Feeling old, fellahs? Well-aware that the disgusting attributes of middle age are setting in, and vowing to do something about it? Consider Radhakant Bajpai, whose ear hair grew to an astounding length of almost six inches! Did Mr. Bajpai panic and risk inner ear damage by plucking or waxing or lasering? He most certainly did not. Comfortable with himself, he groomed his ear hair into elegant curls. You could do the same. Back hair, too!
For you ladies, be inspired by Vivian Wheeler of Wood River, Illinois. While most women would panic if their beard reached, say, three inches, Ms. Wheeler allowed hers to grow to an astounding 11 inches!
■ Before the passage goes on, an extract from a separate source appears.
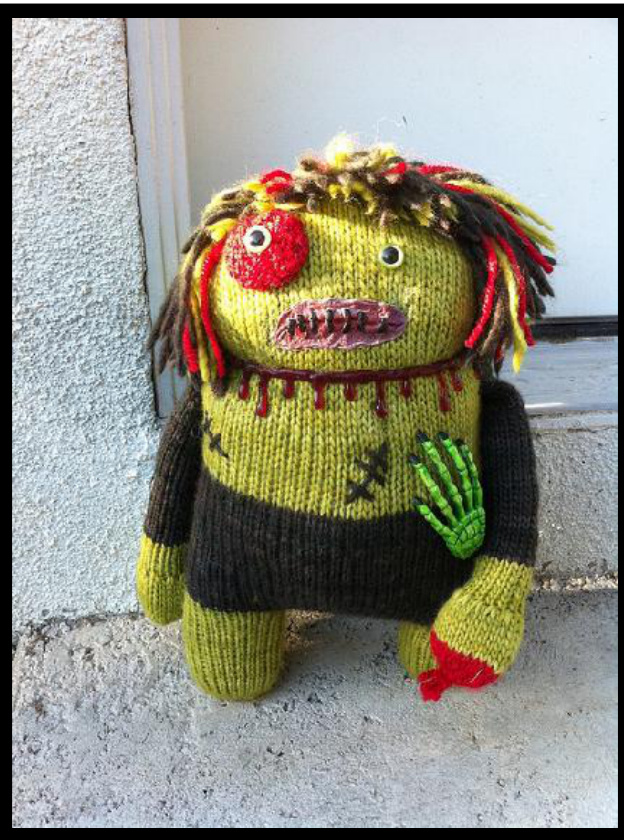 Knitting Pattern for Medium-Sized Zombie Monster with Customizable Hair, Eyes, and Bloody Accents pattern preview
You go girl! For those of you wondering how having such a long beard affected her love life...well, all I can say is that Ms. Wheeler has a daughter in Bakersfield, so she must be doing something right! And at least once!
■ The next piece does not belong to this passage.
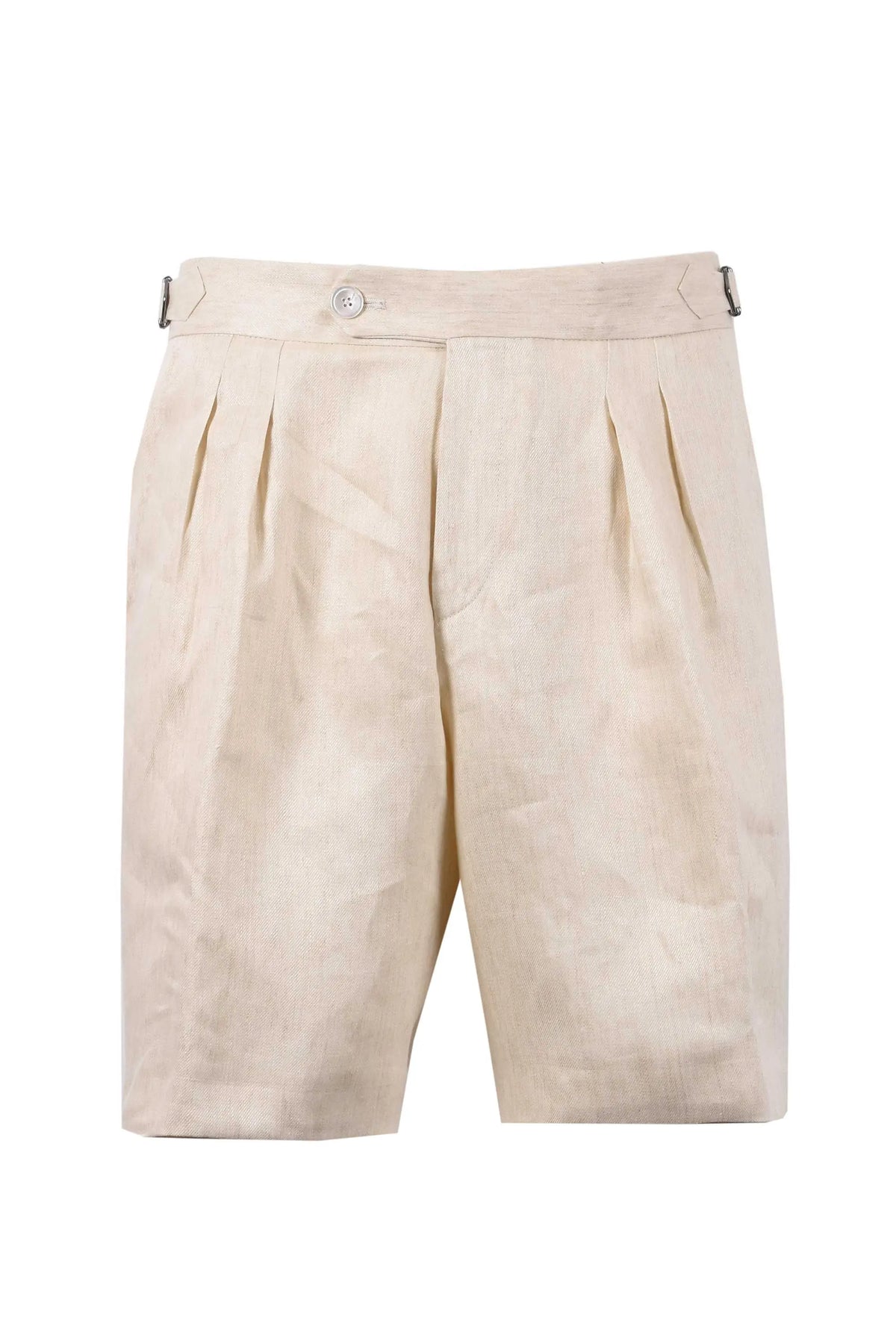 Full image of a Boss Black perin shorts in a beige coloured linen fabric on a white background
Hal Holbrook as Mark Twain said, "Quitting smoking isn't hard. I've done it a thousand times." Well, haven't we all! Thinking about taking another whack at it this year? Here's a chart for you: Japan, with the longest life expectancy in the world, is also the second-heaviest smoker! That's right! So if you're considering quitting smoking, maybe you ought to adopt the Japanese lifestyle instead. Start eating fish and working 80 hours a week and living in paper houses! Well, if you're going to smoke, maybe the paper house isn't the way to go, but you get my drift. And since Japanese women live longer than Japanese men, you might want to consider being a Japanese woman. Start bowing and being deferential to men, and -- when hubby shows up at two in the morning after six hours of power-drinking and geisha indulgence with business associates -- don't show your irritation. You just might live forever. Or, at least, it'll seem like it!
If your life is anything like life chez Ambivalent, your New Year's Eve resolution is to spruce things up a bit around the house. You know: Dust more than twice a year in the living room and no more malt liquor bottles under the kids' beds.
Well, maybe we'll get around to that next year after reading about Joyce Curry of Sacramento, California. Ms. Curry, a single mom who by all outward appearances seemed to be keeping things pretty well together, fell somewhat short of Housekeeper of the Year honors and was evicted from her birghtly painted home. Here's what KXTV News 10's website had to say:
Josh Pino, Principal Building Inspector for the City of Sacramento, said it was immediately clear the house was unfit for human habitation. "To take a shower or a bath, they have to do the valves with a pair of pliers," he said. "The place is strewn with debris all over the house including up against the water heater. There's open electrical wiring."
The house also had a decided funk owing to the leaky roof and California's unusual rains of the last year. But that's as much the weather's fault as it is anything.
Bad news for Ms. Curry and the kids, who have to find a new place to live while armed with a not-exectly-stellar reference from the previous landlord, but good news for you! Because here's the moral of the story: However bad you are, there's someone worse. So: Relax!
This year, resolve to spend the next year noticing the ways in which you need to change. Make a note to yourself to think about changing again next year, when you're surely going to much, much worse than you are now. And next year? Who knows!